- **ACTION ITEM**
Your response is a verbatim copy of the listing, stripped of its images.

- **DATA SECTION**
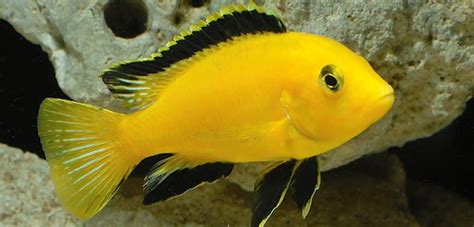 11 Best Fish For Your Home Aquarium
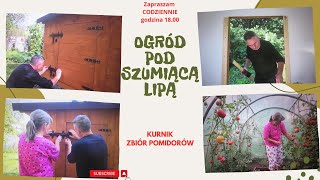 Codzienne życie na wsi  Kurnik koniec prac przy budowie kurnika zbieram pomidory [upl. by Ashien]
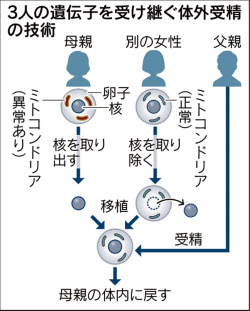 3人の遺伝子持つ子供誕生 米医師ら 日本経済新聞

- **SOLUTION TO THIS PROBLEM**
 11 Best Fish For Your Home Aquarium
 Codzienne życie na wsi  Kurnik koniec prac przy budowie kurnika zbieram pomidory [upl. by Ashien]
 3人の遺伝子持つ子供誕生 米医師ら 日本経済新聞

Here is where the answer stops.